Write out each entry below exactly; the images do not belong in your copy.

**Supplied material**
______

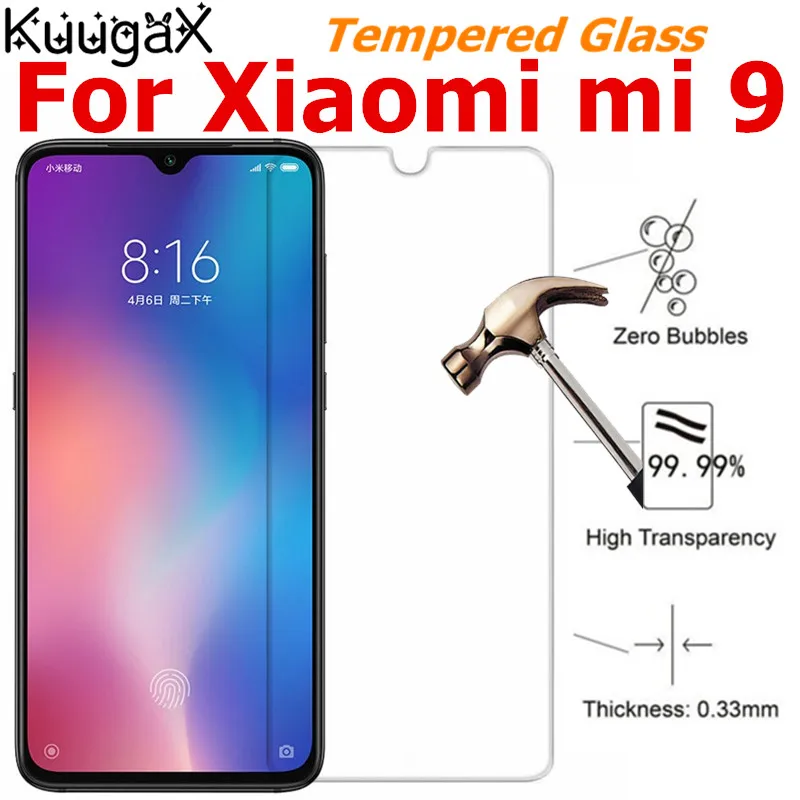 Закаленное стекло для Xiaomi mi 9 глобальная версия 6 39 дюймов 855 Защитная пленка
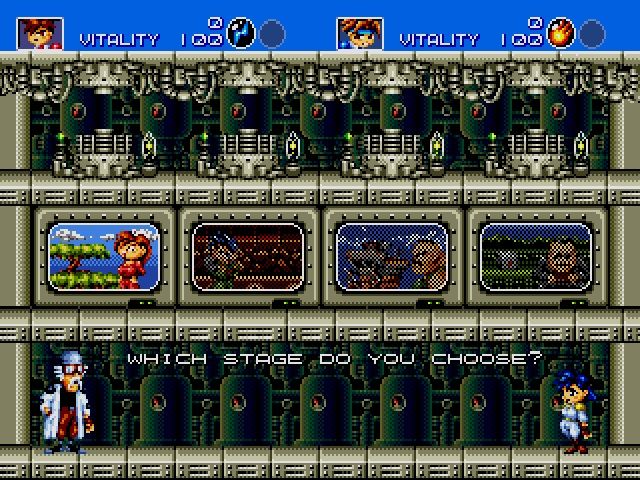 Captura de pantalla de Gunstar Heroes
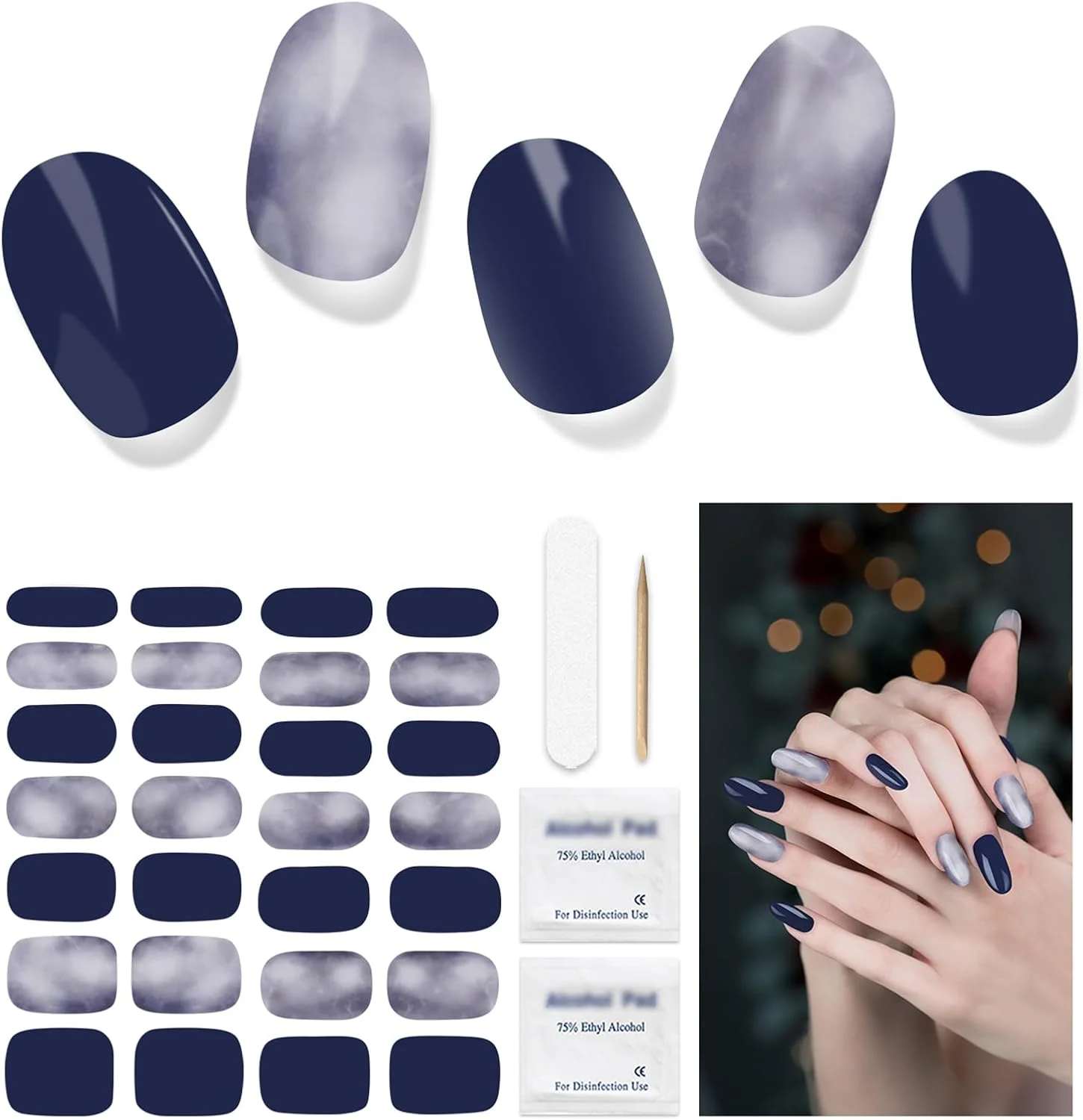 برچسب ناخن ژلی نیمه پخته، 28 عدد استیکر ناخن ژلی نیاز به لامپ UV/LED، استیکرهای هنری ناخن شفاف با ماندگاری طولانی، استفاده آسان (آبی یخی شفاف) برچسب ناخن ژلی نیمه پخته، 28 عدد استیکر ناخن ژلی نیاز به لامپ UV/LED، استیکرهای هنری ناخن شفاف با ماندگاری طولانی، استفاده آسان (آبی یخی شفاف)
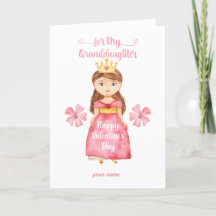 Happy Valentinstag Grandtochterkarte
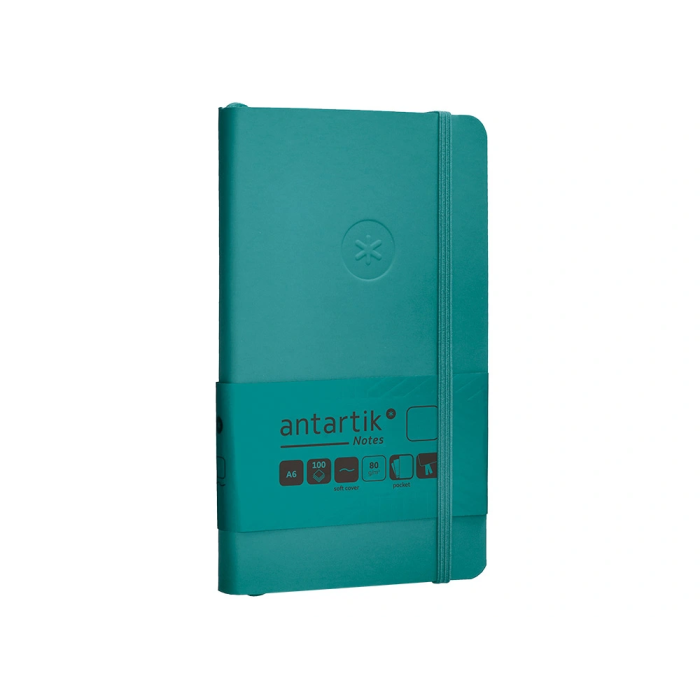 Antartik Cuaderno A6 Tapa Blanda Hojas Lisas Verde Aguamarina 100 Hojas 80gr FSC 4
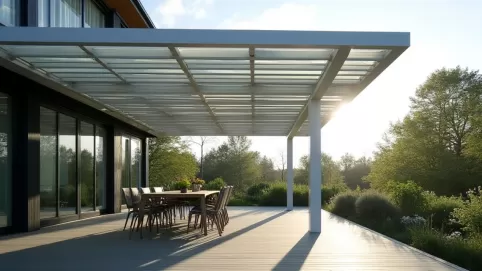 Koszt zadaszenia tarasu z poliwęglanu Gdynia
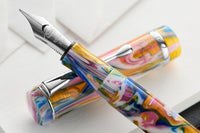 (Bottom Shelf) Conklin Duragraph Fountain Pen - Rainbow Whirlwind (Limited Edition)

______

**Solution**
 Закаленное стекло для Xiaomi mi 9 глобальная версия 6 39 дюймов 855 Защитная пленка
 Captura de pantalla de Gunstar Heroes
 برچسب ناخن ژلی نیمه پخته، 28 عدد استیکر ناخن ژلی نیاز به لامپ UV/LED، استیکرهای هنری ناخن شفاف با ماندگاری طولانی، استفاده آسان (آبی یخی شفاف) برچسب ناخن ژلی نیمه پخته، 28 عدد استیکر ناخن ژلی نیاز به لامپ UV/LED، استیکرهای هنری ناخن شفاف با ماندگاری طولانی، استفاده آسان (آبی یخی شفاف)
 Happy Valentinstag Grandtochterkarte
 Antartik Cuaderno A6 Tapa Blanda Hojas Lisas Verde Aguamarina 100 Hojas 80gr FSC 4
 Koszt zadaszenia tarasu z poliwęglanu Gdynia
 (Bottom Shelf) Conklin Duragraph Fountain Pen - Rainbow Whirlwind (Limited Edition)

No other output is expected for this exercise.